Sounds: British rock classics get a revolutionary spin

It's an idea that is long overdue.

For years artists like Eric Clapton, Mick Jagger, Steve Winwood, Led Zeppelin, and the Beatles have made a living off of reinterpreting the music of black soul singers.

So why not turn the tables and have an authentic America singer record the music from across the pond and rough it up and make it her own?

Bettye LaVette takes 13 songs from artists like the Rolling Stones, the Beatles, Zeppelin, Traffic, and The Who and so thoroughly works them over that they become hers. Her takes are radically different and if you're a purist run far away from "Interpretations" because she strips down the originals and rebuilds them into vintage soul chestnuts.

Just three examples: Imagine Ringo Starr's rather lightweight pop "It Don't Come Easy" turned into a slow burning slide guitar blues. Try to picture Pink Floyd's "Wish You Were Here" morphed from a cold tale of isolation and loss into one of deep longing. And perhaps best of all, Zeppelin's "All My Love" is given an intense focus on the lyrics, which until now never seemed to make much sense.

LaVette pulls this off by digging deep into the emotional depths of these songs. She doesn't just interpret them, in some cases she rewrites them, taking liberties with the lyrics or even the structures of choruses and verses. Her voice drips with character and soul - Tina Turner crossed with Sharon Jones - and the arrangements stay firmly locked in a simmer that rarely boils over.

Covers discs often don't work and that's generally because the reworkings are too faithful to the originals.

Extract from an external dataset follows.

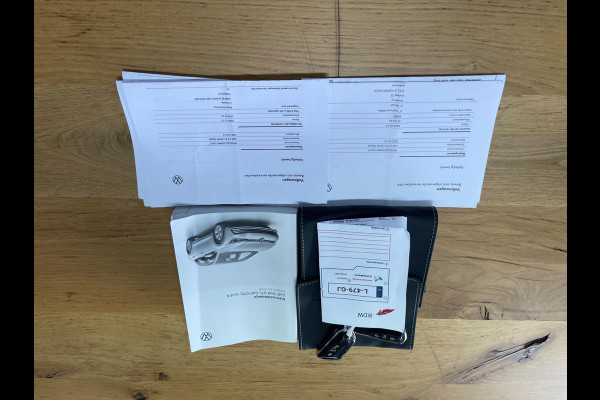 Volkswagen Golf 1.5 TSI R-Line Virtual Ambientlicht Camra IQ Light Matrix LED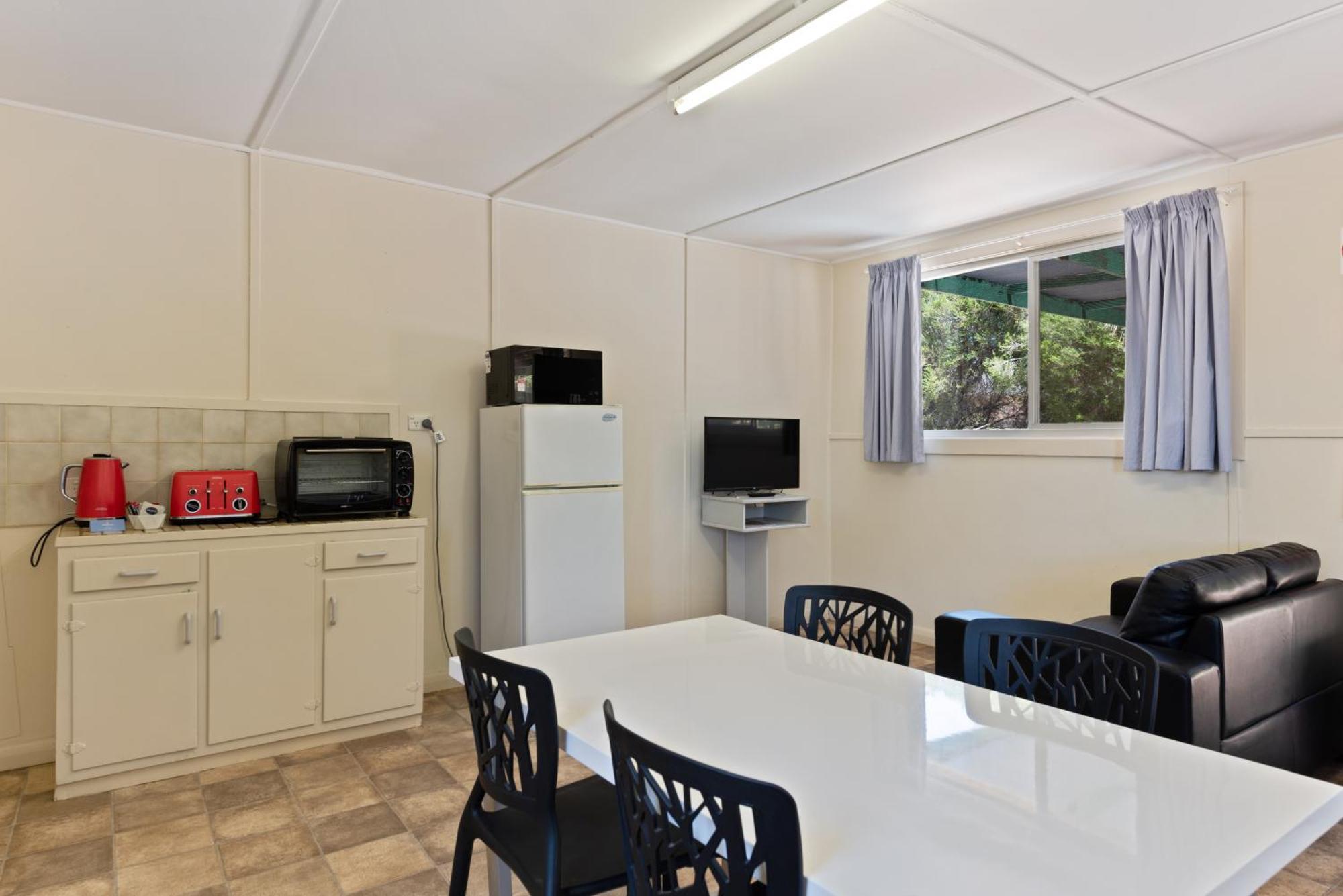 Discovery Parks - Lake Bonney Barmera Room photo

You don't have to worry about that here.

- ROD LOCKWOOD

With this breakout, self-titled debut album, country music singer/songwriter Kennon introduces not only himself, but also a striking new song that has created a stir nationwide.

"The Call," boasts a couple of poignant and powerful vignettes within its track that tug at listeners' heartstrings and emphasize the critical nature of a well-timed phone call and its effect on one or more lives. Corny, but effective.

Kennon's smoky/raspy baritone is an attention-grabber on ballads and uptempo kickers alike. Far from just one top song and an album of 11 fillers, the stuff here is contemporary and lively, packed with great instrumental work and some knockout lyrics.

Kennon wrote or co-wrote eight of the tracks, showing broad creative talent in addition to his fine vocals. There are several album highlights that should get wide airplay on country stations, including the rousing "Mama Raised The Hell Outta Me," the hopeful and upbeat "Ride With Me," and the introspective, thought-provoking "If I Was Any Kind Of Man."

- KEN ROSENBAUM

Bruce Springsteen had "Born to Run."

Simon and Garfunkel had "Homeward Bound."

Every artist, it seems - whether they perform rock, pop, jazz, country, blues, reggae, roots, or classical - hits a point in their careers when they are driven, at least once and often more, to write about either life on the road or their bittersweet longing for home.

Enter the talented and inventive jazz pianist Brad Mehldau, who has composed and executed an intriguing two-disc set written as if all 15 original compositions are a series of stops along the road that collectively become a greater story.

The theme isn't new, but it's one that's universally appealing. And Mehldau, a classically trained artist who seems to get better with each disc, has created a wonderful musical landscape, a tapestry of images featuring various combinations of himself, Jeff Ballard, and Matt Chamberlain on drums, Larry Grenadier on bass, and Joshua Redman on saxophone, plus an orchestra of nearly 40 strings, a few horns, and a couple of woodwind instruments.

This is the first album he composed from beginning to end. Mehldau's songs can have a somber, trance-like texture to them one minute, then simple, earthy sounds offset by dazzling rhythms the next.